Indian multi system operator (MSO) Hathway Cable and Datacom has recorded a standalone net loss for the three months to 30 March to just under INR 68 million, compared with an INR 175.48 million loss in the same period last year.
Hathway's operational losses, before other income, financial costs and exceptional items, were also reduced to INR 38.48 million compared to INR 70.57 million in the fourth quarter 2011.
Net sales jumped 16.33%, reaching INR1.34 billion in the quarter, compared to INR 1.15 billion in the same period of the financial year ended 30 March 2011. Net sales from the third quarter 2012 amounted to INR 1.26 billion.
In a quarter which saw the launch of Hathway's high definition (HD) TV bouquet, the MSO's total expenses rose by 6.7% to INR1.39 billion, while the pay channel cost increased to INR 387.93 million from INR 342.53 million a year earlier.

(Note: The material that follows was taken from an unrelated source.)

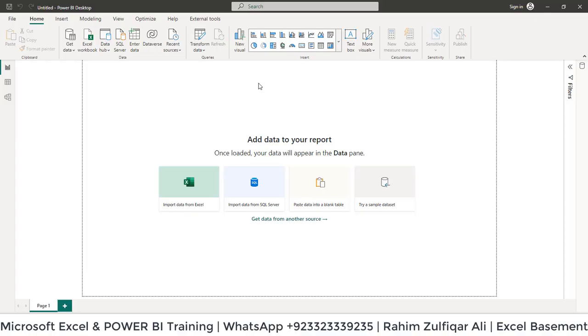Hi, this is Rahim Zulfiqareli from Excel Basement. In this video tutorial, we will learn about a feature called skip file with errors and how to use it.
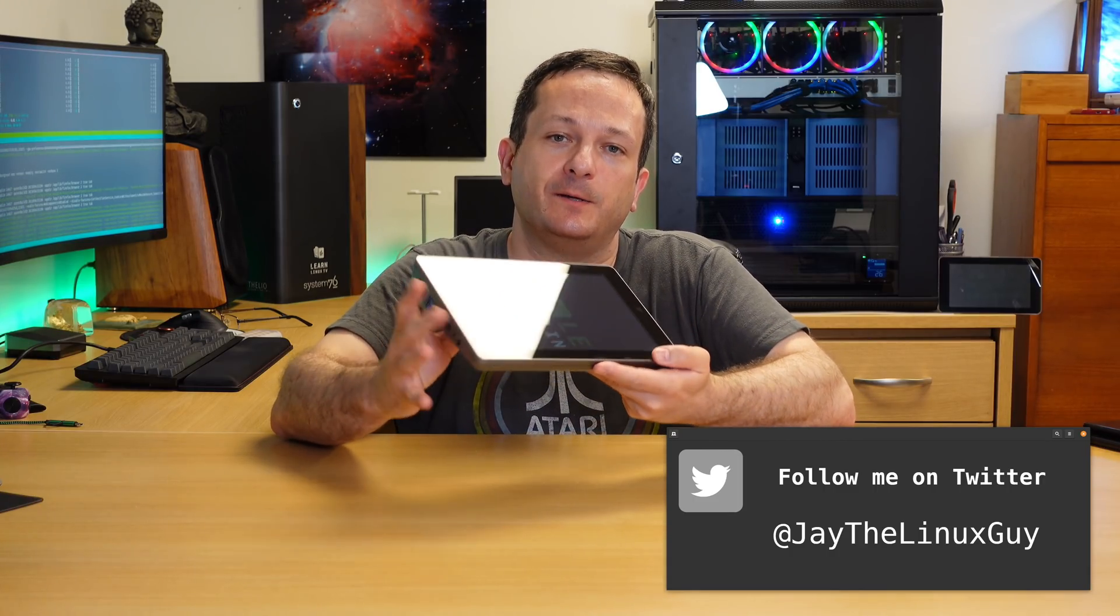Hello again everyone and welcome back. In today's video I'm going to be unboxing and assembling the RaspPad. In fact I have it right here.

Hathway has so far used INR 4.06 billion from the INR 4.8 billion raised by its initial public offering (IPO). Just over half of this has gone on digital television capital expenditure, services, set top boxes, and broadband infrastructure – for example, the company has set up another digital headend to serve for the north and north west areas of Delhi.
"Hathway benefits as it is present in three of the four cities which form part of Phase 1 [digital cable] roll out, ie Mumbai, Delhi and Kolkata, either directly or through its JV (joint venture) partners," the company statement said.
"The company has cumulatively achieved a landmark of over two million STBs (set top boxes) in its universe and is consequently well placed to gain from Phases 1 and 2 of the DAS roll-out."
Another INR 1.89 billion of the IPO funding has been utilised by Hathway to pay back loans, while INR 123.34 million has been spent on customer acquisition.